● **TASK DETAILS**
The task for the listing below is to write out exactly the lines starting at the one containing "a patient visiting his dentist for a checkup" and ending at the one containing "a front view", both included. Pictures are to be omitted.

** Opening DATA EXCERPTS block **

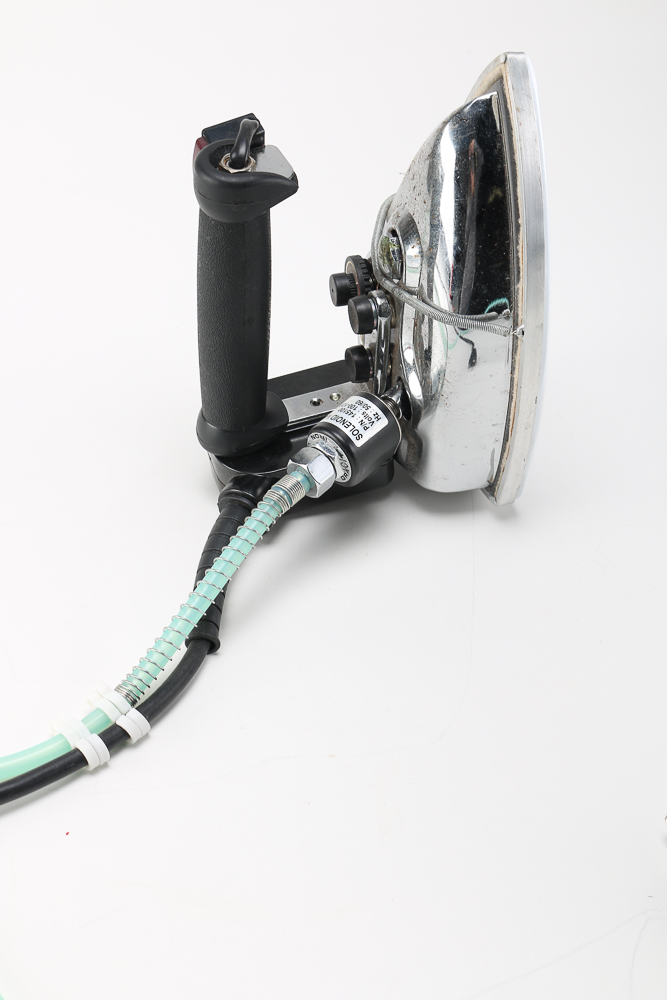 Pair of Clothes Irons and a Hanging Rack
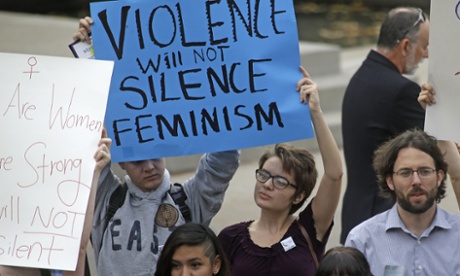 People protest on the campus of Utah state, Wednesday, Oct. 15, 2014, in Logan, Utah.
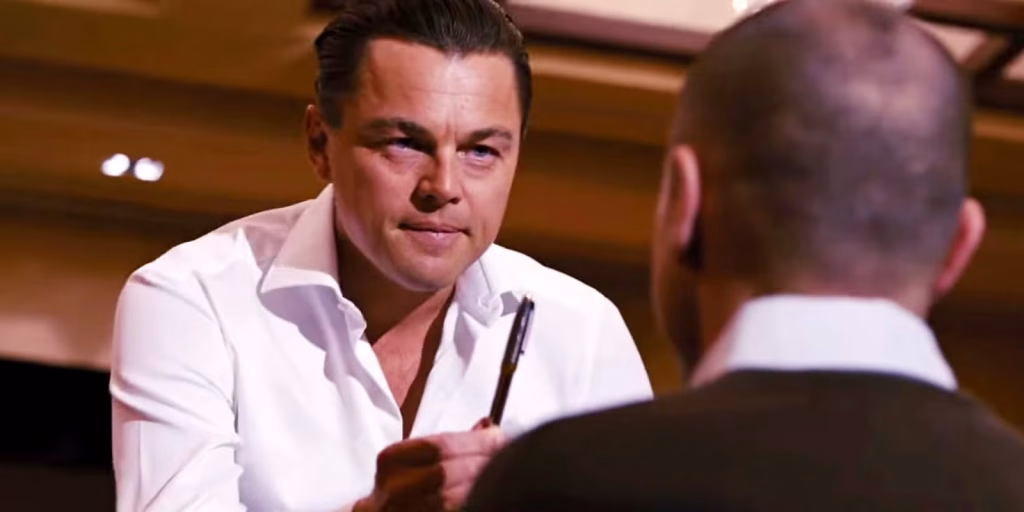Leonardo DiCaprio as Jordan Belfort holds a pen while speaking to another man.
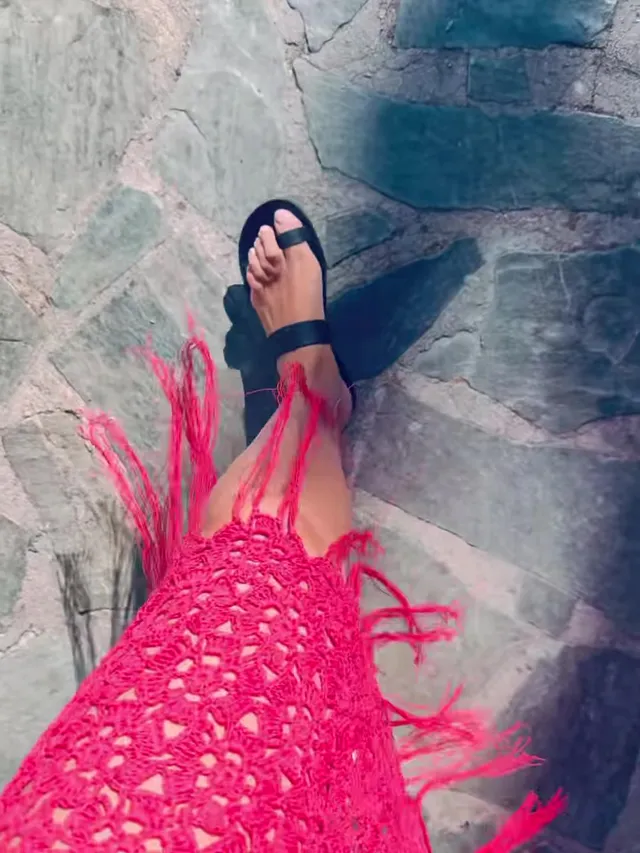 Gal Gadot wearing black flip-flops beneath a pink dress.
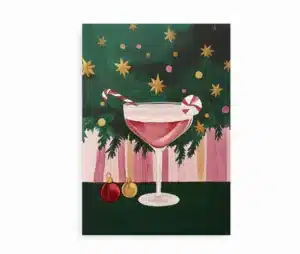 Farverig juleplakat med cocktailglas pyntet med candy cane foran juletræ.
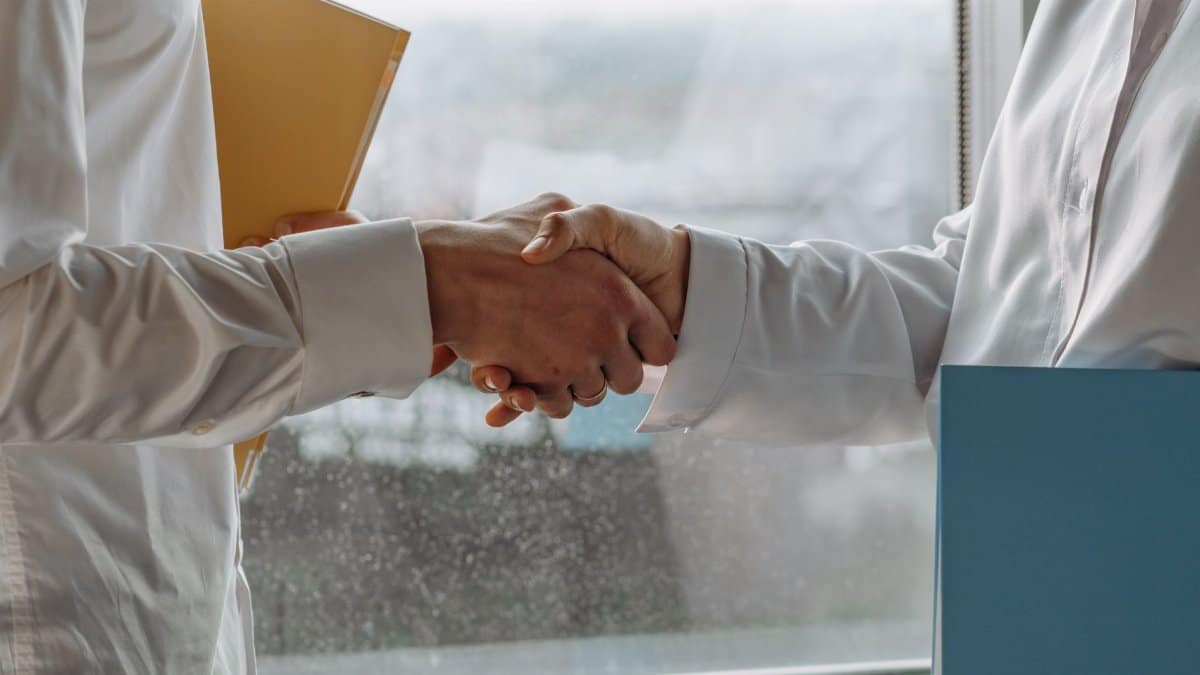 Two business professionals shaking hands indoors, symbolizing agreement.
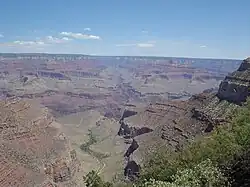(view due-north, northeast, from Bright Angel Trail, (South Rim section) – View of south-draining Bright Angel Canyon, containing in its lowest section with the Tapeats Sandstone, upon the Granite Gorge, the cliffs of gray-brown Muav Limestone (25% at base of Redwall Limestone), laid upon the slope-forming & greenish Bright Angel Shale. (The trail also descends/ascends through units on the South Rim, at near photo view.)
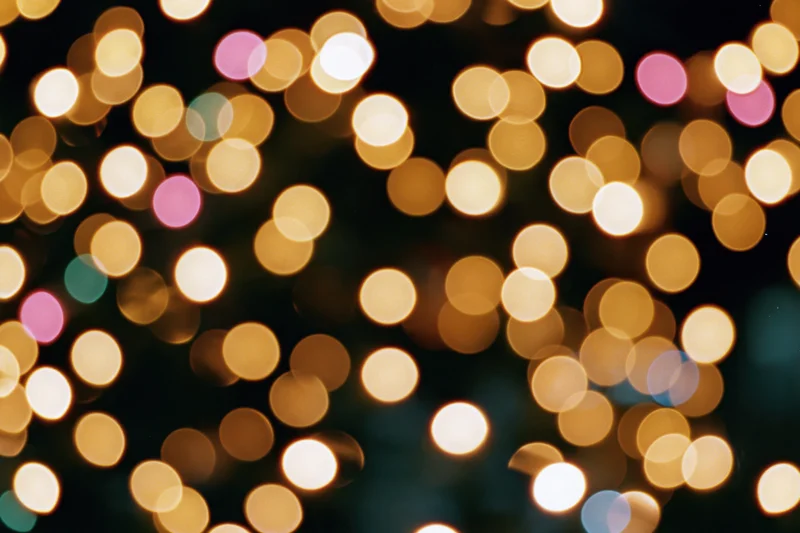 Defocused christmas tree lights glowing softly in the dark at night
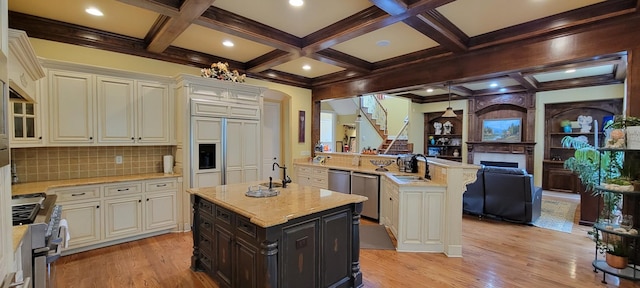 kitchen with decorative backsplash, high quality appliances, light wood-type flooring, and a center island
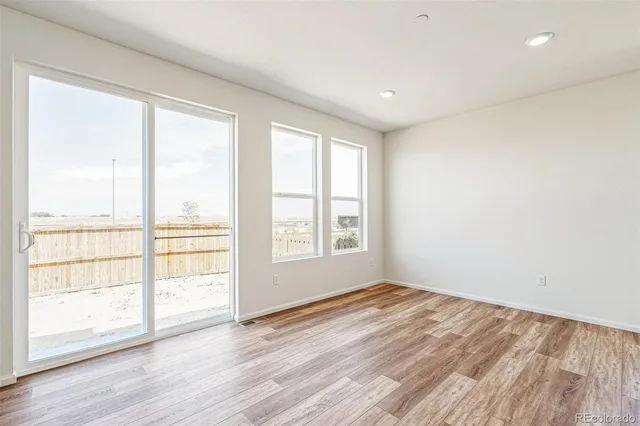 a large white kitchen with a large window a sink and stainless steel appliances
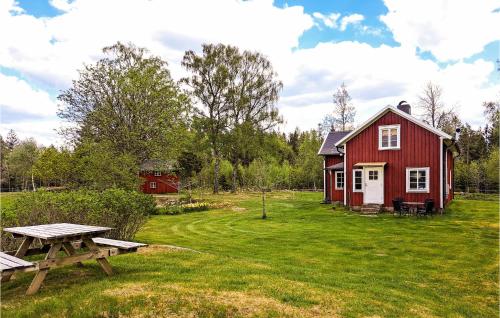a red barn with a picnic table in front of it at Gorgeous Home In Vårgårda With Wifi in Vårgårda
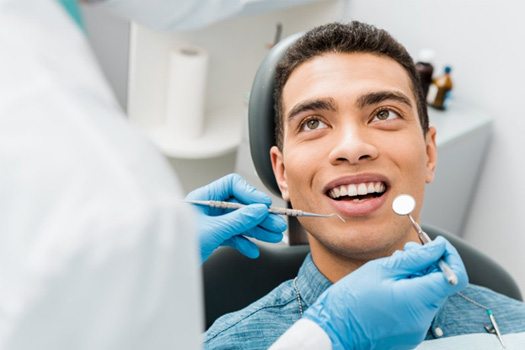 a patient visiting his dentist for a checkup
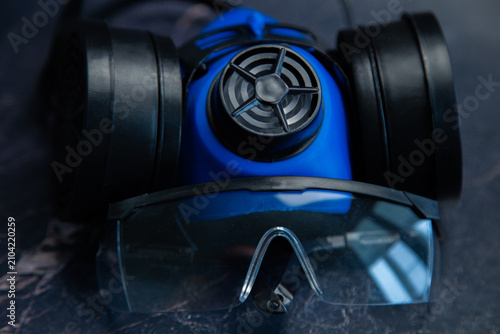 Close-up of a blue respirator with black filters and goggles on a dark marble background. Concept of industrial safety, respiratory and eye protection, reliable equipment for work. High quality photo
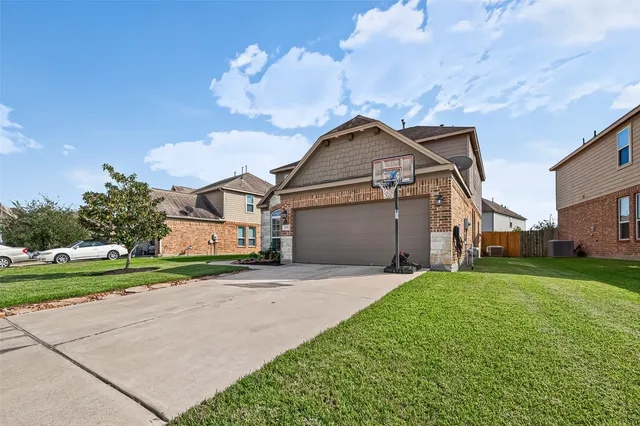 a front view of a house with a yard and garage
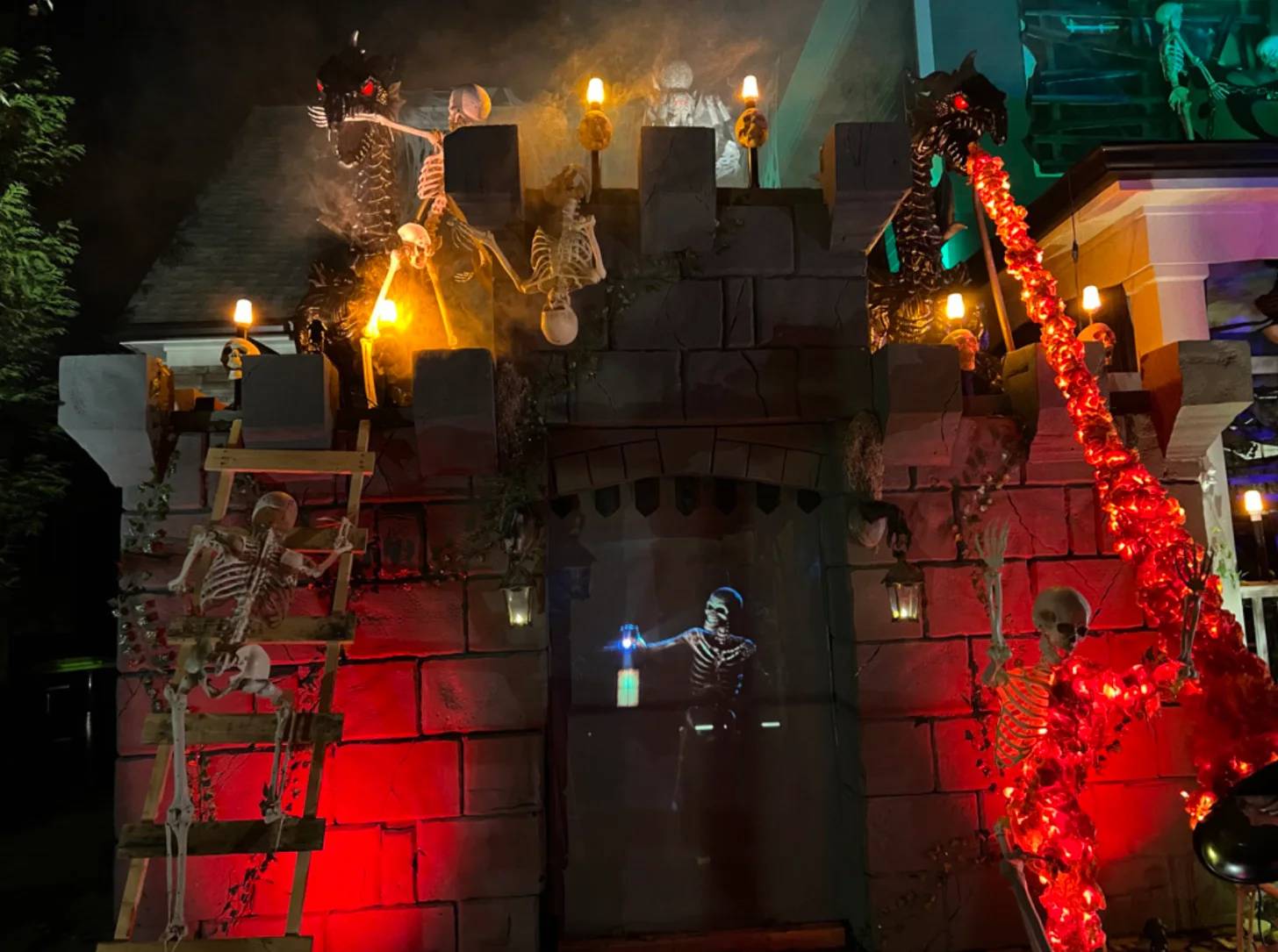 A castle facade decorated for Halloween displays skeleton figures holding torches and lanterns, red LED garland vines, and a glowing skeleton figure in the center gateway. Black castle walls are illuminated with red and amber lighting.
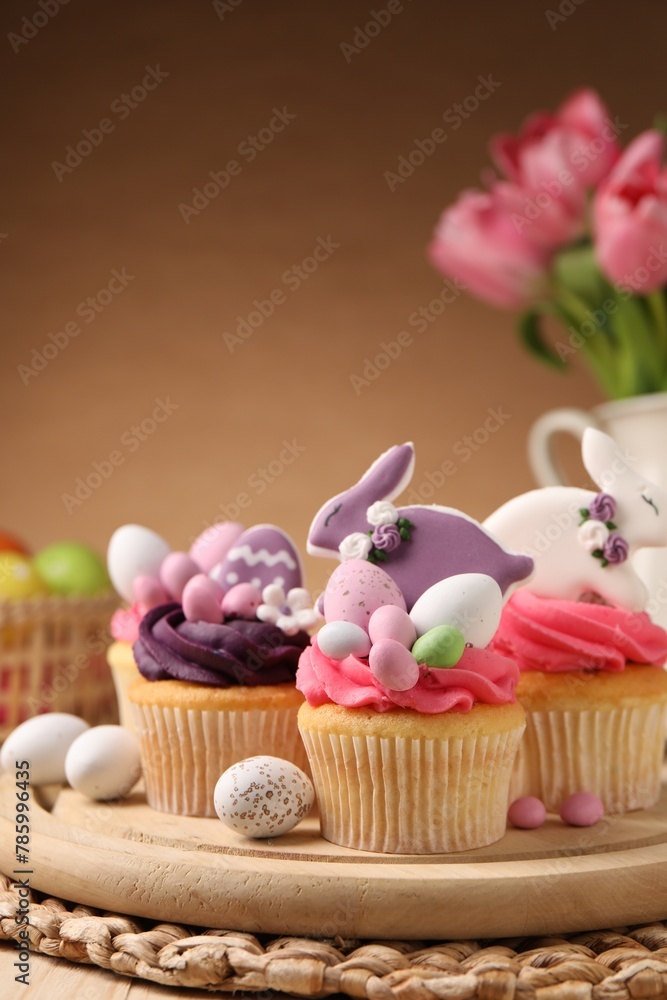 Tasty cupcakes with Easter decor on table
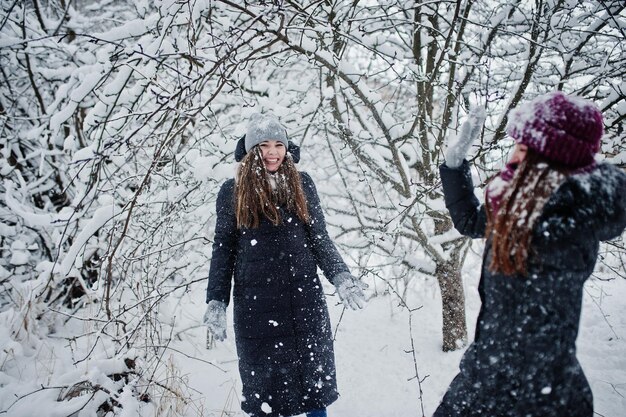 Two funny girls friends having fun at winter snowy day near snow covered trees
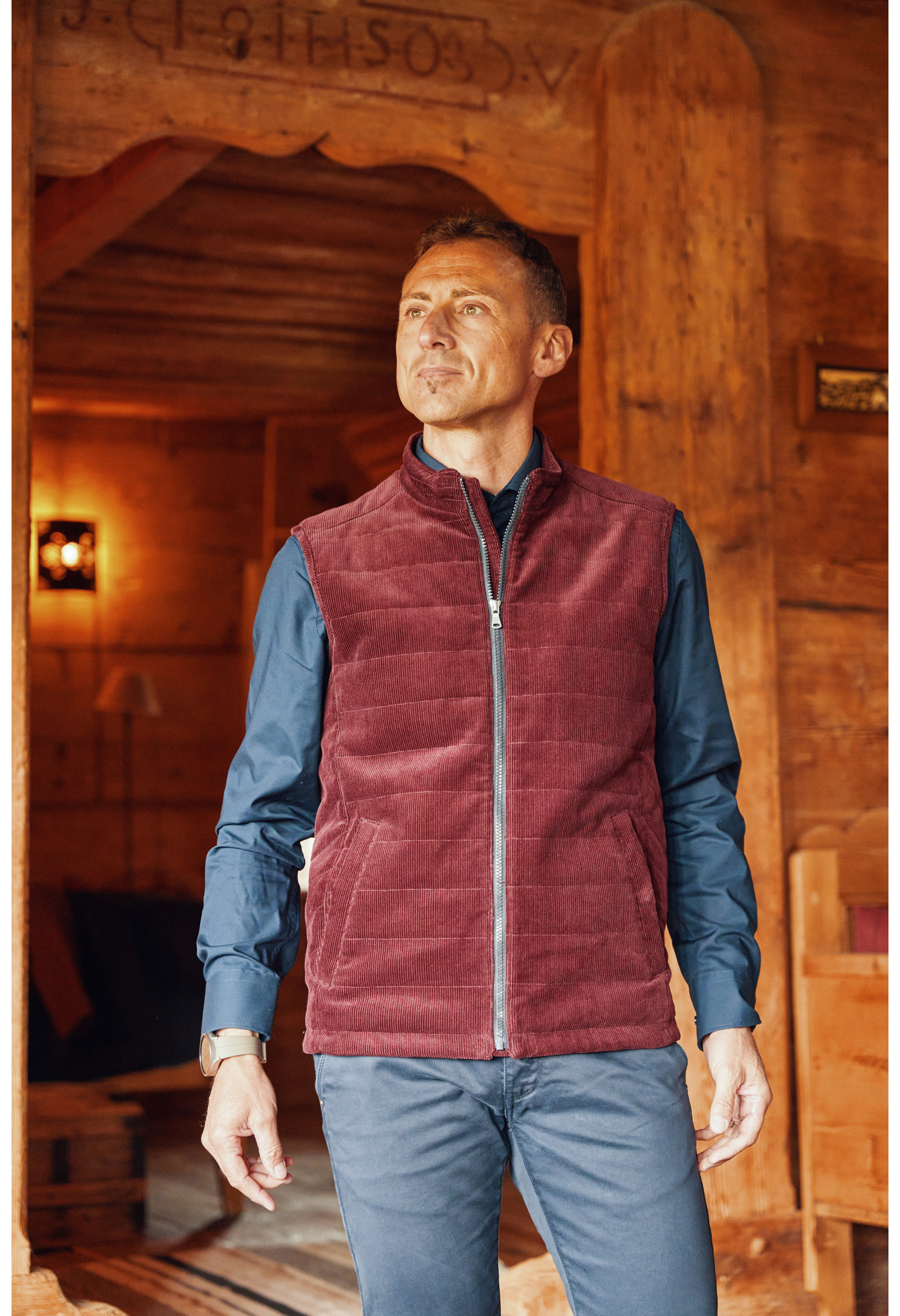 Homme portant la doudoune sans manches PILAT bordeaux. Elle comporte 2 poches repose mains.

** Closing DATA EXCERPTS block **

● **SOLUTION BELOW**
 a patient visiting his dentist for a checkup
 Close-up of a blue respirator with black filters and goggles on a dark marble background. Concept of industrial safety, respiratory and eye protection, reliable equipment for work. High quality photo
 a front view of a house with a yard and garage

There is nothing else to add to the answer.